START Data provided

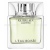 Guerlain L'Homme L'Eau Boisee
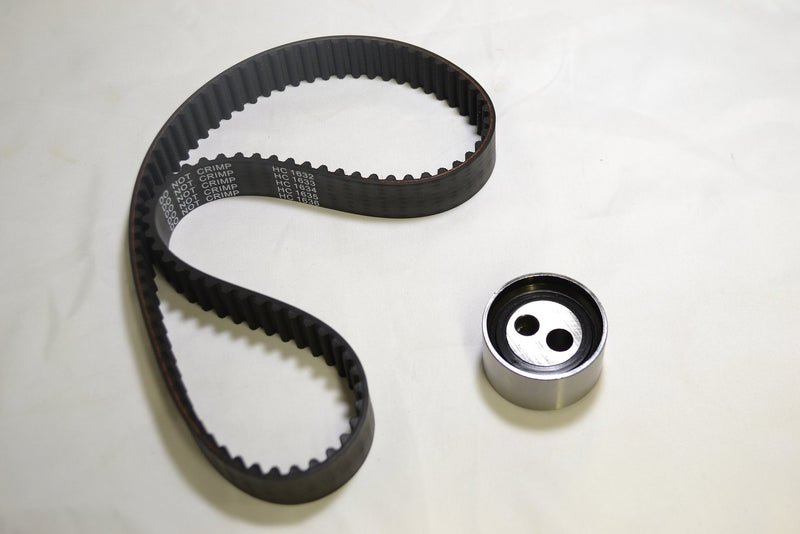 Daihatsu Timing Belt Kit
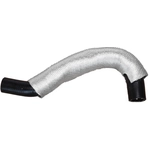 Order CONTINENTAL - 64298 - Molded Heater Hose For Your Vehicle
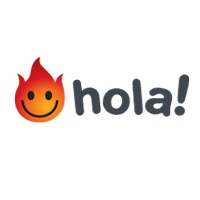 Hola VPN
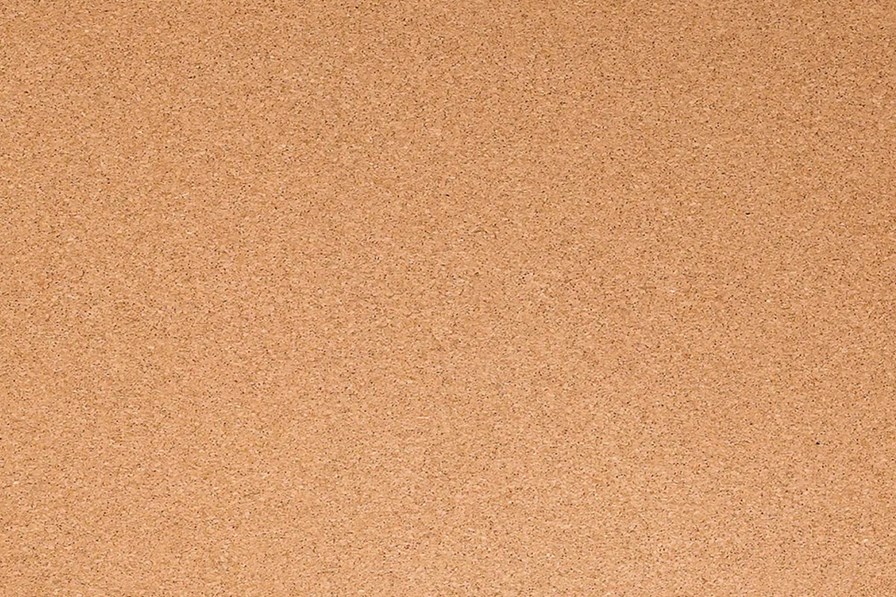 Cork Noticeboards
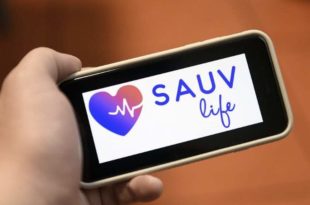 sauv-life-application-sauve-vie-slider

END Data provided
START Data provided

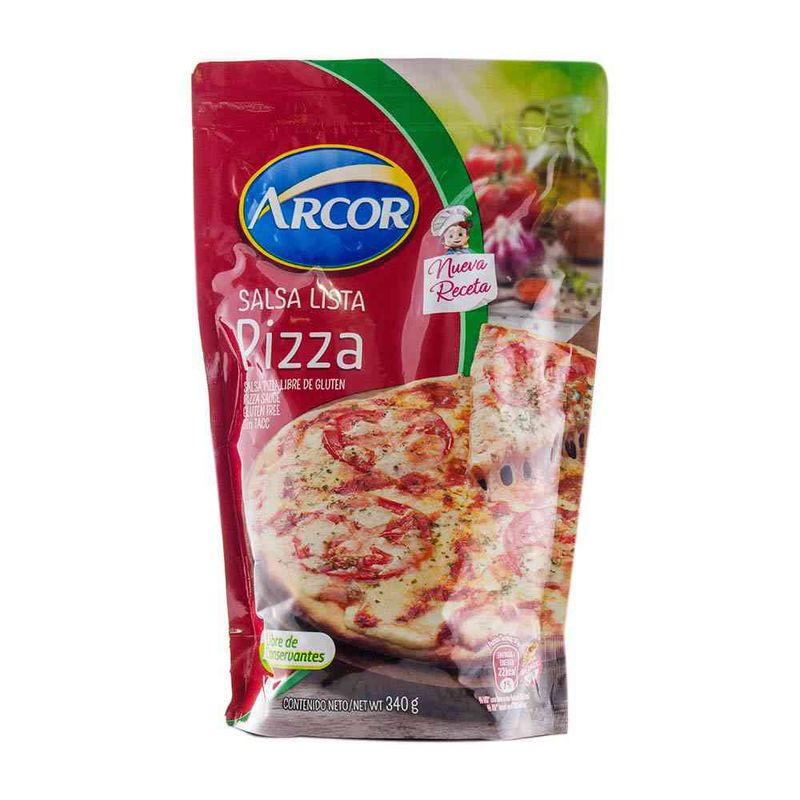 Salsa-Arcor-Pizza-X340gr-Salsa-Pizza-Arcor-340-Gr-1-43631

END Data provided

> _Instructions for the task_
Copy exactly, without pictures, the lines above from the one with "Guerlain L'Homme L'Eau Boisee" down to the one with "sauv-life-application-sauve-vie-slider", inclusive.

> _Exercise output_
 Guerlain L'Homme L'Eau Boisee
 Daihatsu Timing Belt Kit
 Order CONTINENTAL - 64298 - Molded Heater Hose For Your Vehicle
 Hola VPN
 Cork Noticeboards
 sauv-life-application-sauve-vie-slider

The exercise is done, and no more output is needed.